Sherril v. State
2014 Ark. App. 411
| Ark. Ct. App. | 2014Background
- In June 2010 Verlin Sherril pleaded guilty to second-degree forgery and received a ten-year suspended imposition of sentence with conditions including $3,500 restitution at $50/month and obeying state law.
- On May 28, 2013 the State petitioned to revoke Sherril’s suspension, alleging failure to pay restitution and commission of first-degree battery (May 16, 2013 stabbing of Braxton Cole).
- At the revocation hearing the State introduced a ledger showing significant restitution delinquency; Sherril admitted owing and missing payments but offered no reasonable excuse.
- The victim testified that Sherril stabbed him in the neck with a box cutter, causing serious injury and multiple surgeries; Sherril claimed self‑defense and later alleged the Miranda form was forged.

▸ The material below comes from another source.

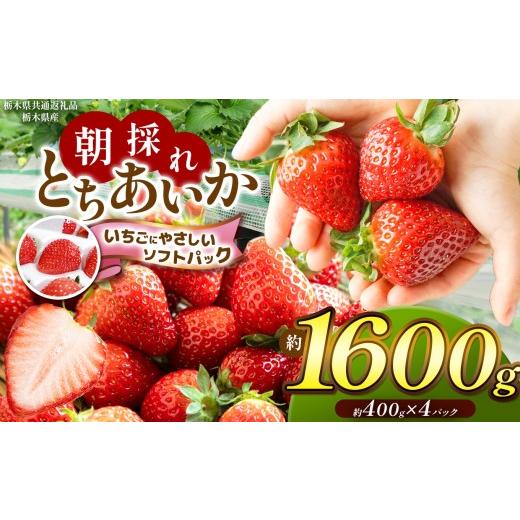ふるさと納税 いちご 栃木県 那珂川町 先行予約 栃木県共通返礼品 朝採れいちご とちあいか約400g×4P いちごに優しいソフトパックでお届け | いちご とちあ…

- The trial court revoked the suspension on July 15, 2013 and sentenced Sherril to six years in prison with a four-year suspended sentence to follow; Sherril appealed.
Issues
| Issue | Plaintiff's Argument (State) | Defendant's Argument (Sherril) | Held |
|---|---|---|---|
| Whether revocation was supported by nonpayment of restitution | State: ledger and testimony show significant delinquency; nonpayment is an independent violation | Sherril: asserted he owed but gave no viable excuse for nonpayment | Court: Affirmed; nonpayment proved and alone justified revocation |
| Whether revocation was supported by commission of first-degree battery | State: victim testimony established stabbing causing serious injury with a deadly weapon | Sherril: claimed self-defense and attacked victim's credibility | Court: Affirmed; court credited victim, battery proved (but unnecessary given restitution violation) |
| Whether custodial statement/Miranda form was forged and should have been suppressed | State: officer testified Sherril signed warnings and waived rights | Sherril: claimed officer forged his signature on Miranda warnings | Court: Rejected; officer testimony credited and Sherril made no suppression motion below |
| Whether sentence should be reduced as excessive or illegal | State: sentence was within statutory range for original offense | Sherril: asked for reduction (did not claim illegality) | Court: Denied; sentence lawful and within statutory authority |
Key Cases Cited
- Anders v. California, 386 U.S. 738 (1967) (procedural standard for counsel withdrawal when appeal is frivolous)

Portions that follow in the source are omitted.